SENSEVAL-2: Hong Kong Planning Meeting Notes

Friday 6 Oct
Hong Kong Convention and Exhibition Center, at ACL.

Present: Nicoletta Calzolari (representing 'languages other than English'), Phil Edmonds, Adam Kilgarriff (chair), Martha Palmer, David Yarowsky (representing participants), Antonio Zampolli (for part of meeting)

  1. Exact dates of meeting

    It had already been agreed that the SENSEVAL-2 workshop should be held in conjunction with ACL-01 in Toulouse. ACL-01 has set aside Friday 6th and Saturday 7th for workshops (with Sun 8th being for tutorials, and the main conference 9th-11th). Patrick St-Dizier had offered us an extra day, on Thurs 5th. Julio Gonzalo had suggested that at least part of the meeting should be open only to SENSEVAL participants and organisers, to provide a slightly-less-public forum where, eg, complaints about the organisation could be aired.

    We opted for a two-day workshop, with the first day, on Thurs 5th, open to participants only, and the second day fully open (subject to this being acceptable to ACL and the senseval-discuss list).

    We noted that US participants committed to spending 4th July with their families in the US would have trouble getting there for the first day. We thought it unlikely this would effect many people, but await responses/objections following the mailouts.

  2. Standardisation across languages

    We agreed that this would be a good thing. It would be useful to be able to answer the question, "what format should I use?" for questions from language-task-co-ordinators. It would facilitate participants participating for several language-tasks. (David hoped to participate for all language tasks!) It would make the resources produced more attractive at the end of the day.

    Tagged corpora: Martha and Scott Cotton at UPenn will work out a standard for the tagged datasets, using Linguistic Data Consortium (LDC) best practice and XML Corpus Encoding Standard (XCES) as appropriate.
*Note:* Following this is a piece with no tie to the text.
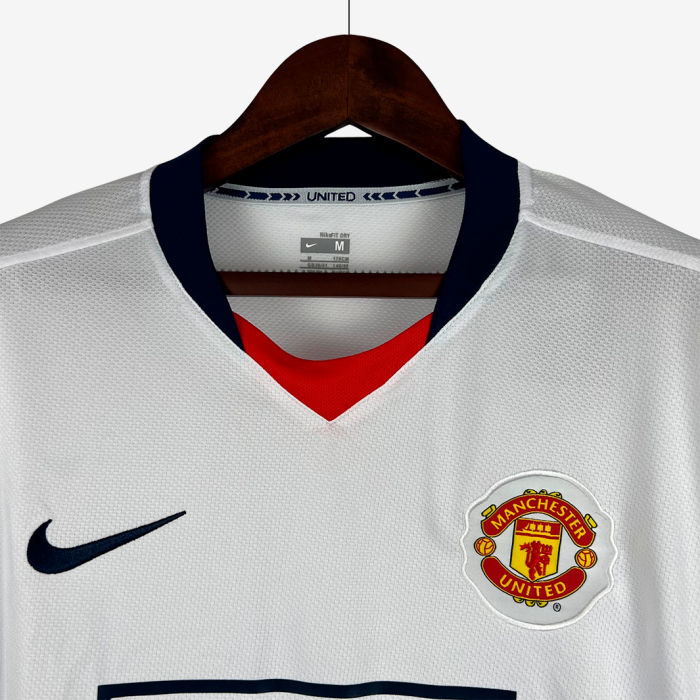 Manchester United 2007/08 Away Jersey Long Sleeve – Retro Version - Image 7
    Format for participants to return answers in: it was not necessary for participants to return fully tagged corpora. The quantities of data being passed around would be large, and this might well cause problems. The format for answers, for all languages, would be exactly as for SENSEVAL-1-English, that is, one-line-per-answer, with the line comprising a unique reference for the token being tagged, and one or more sense-identifiers, optionally associated with probabilities. Field separator is 'space', separator between a sense-identifier and its probability is ':'. Full specification, as drawn up by Joseph Rosenzweig, is already available from SENSEVAL-1 on the SENSEVAL website. (In SENSEVAL-1-Eng, the unique reference comprised two parts; the "task name" and the reference number within that task. This model will be reviewed, particularly in relation to the all-words task.)

    We would like as many language tasks as possible to adopt the standard formatting. Phil will communicate this to the task organisers, and will also assist the task organisers in adopting the formatting.

    Scoring: The same scoring software to be used for all language tasks. Penn will set up a web-based scorer, where participants can submit two files, typically 'their system's answers' and 'the key/correct answers' and get back a score. Joseph R's scoring software from SENSEVAL-1 to be re-used. Web page describing how to use the web scoring software, what options there are, etc, to be provided.

    We should aim to get the tagged corpora format and web-based scorer running by Christmas, as they are key for people to be able to start working on their systems.

    Options for 'truth': All language tasks should have the same possibilities for the gold standard. In addition to the senses that the dictionary identifies for the word, for English SENSEVAL-1 the three tags PROPER-NAME, TYPO and UNASSIGNABLE (P, T, U) were always available. Also, a disjunction of tags (where disjuncts can be P, T, U as well as dictionary tags) was acceptable. This model was proposed for all languages for SENSEVAL-2. Guidelines for when human taggers should specify disjunctions, or P, T and U tags, are available.

  3. Sample words

    The sample words for the English task have been identified. These will be made available under strictest confidence to other language-task organisers, to give them the option of selecting translation-equivalents for their language task.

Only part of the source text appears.